Tuesday, March 27, 2007
Teacher Tube
Awesome... YouTube for Education! TeacherTube was launched on March 6. The goal of this web 2.0 tool is to provide an easy way to share instructional videos. Here are some of my favorites: Did You Know, Technology Fear Factor in Education, Literature Circles, and Why Teach Technology?
Sunday, March 25, 2007
School 2.0
I love this photo created by Steve Hargadon with quote by David Warlick. It makes me think about the power of having students find and/or create photos to go along with quotes or statements... what a great learning experience.
Thursday, March 22, 2007
Yeah, but...
Saturday, March 17, 2007
MACUL Conference
I just returned from the Michigan Association of Computer Users for Learning (MACUL) Conference. I enjoyed presenting with Gina Loveless & Terri Waklid on middle school technology-enhanced social studies lessons and the MDE Curriculum Integration Project. Click here to download our presentation.
I most enjoyed Steve Dembo's presentation "The Top 10 Free Web 2.0 Tools." I may need to work a few more web 2.0 tools into my agenda for the Walled Lake web 2.0 usergroup! Of the ten tools he highlighted, four were new to me and I learned new things about all the rest. His top 10 tools are:
- Bloglines - a Feed reader/aggregator & also one of my favorites.
- Delicious - A social bookmarking tool & another one of my favorites. I learned that you can use delicious in new ways, such as: creating memory games, adding comments, making trading cards, and finding photos with creative commons licensing.
- Flickr - A photo sharing website. I learned to spell words with images!
- Picnik - a photo editing website - a simple Photoshop-like tool.
- Jumpcut - a video editing website. I want to check this one out before using with students.
- Gcast - Easy podcast-creation tool
- PBWiki - a wiki made for education
- Wikispaces - another wiki made for education
- Google Docs and Spreadsheets - Great for on-line collaboration.

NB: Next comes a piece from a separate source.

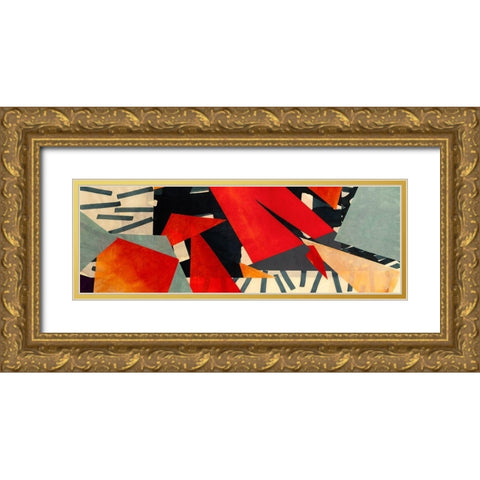 Memphis Blues (detail) Gold Ornate Wood Framed Art Print with Double Matting by Bacci, Leonardo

Can save as Word or Excel documents. I see this as coming in very handy for compiling data for science experiments and creating a class database.
- VYEW - Cannot wait to try this out for staff development! It works sort of like WebX.
Sunday, March 11, 2007
Google Earth Super-Zoom!
This is so cool! The hippo picture above is a screen shot from Google Earth. Turn on the National Geogaphic magazine layer (one of the items listed under "featured content") and you will see several icons of cameras and airplanes. Click on the icons to view close-up images that are included as part of National Geographic's Africa and Australia Mega fly-over project. Other close up images that I have viewed include camels, elephants, and birds.
There are over 500 different Megaflyover photographs available. They were selected by Mike Fay from his library of almost 92,000 images, taken from a small plane flying at low altitude.
An fabulous lesson plan to go along with this is listed on National Geographic Xpeditions. In this lesson, students imagine that they are going to travel along with National Geographic conservation fellow Michael Fay. They think about questions they'd like to answer regarding human-nature interactions, and list the equipment they would take to study one of these questions.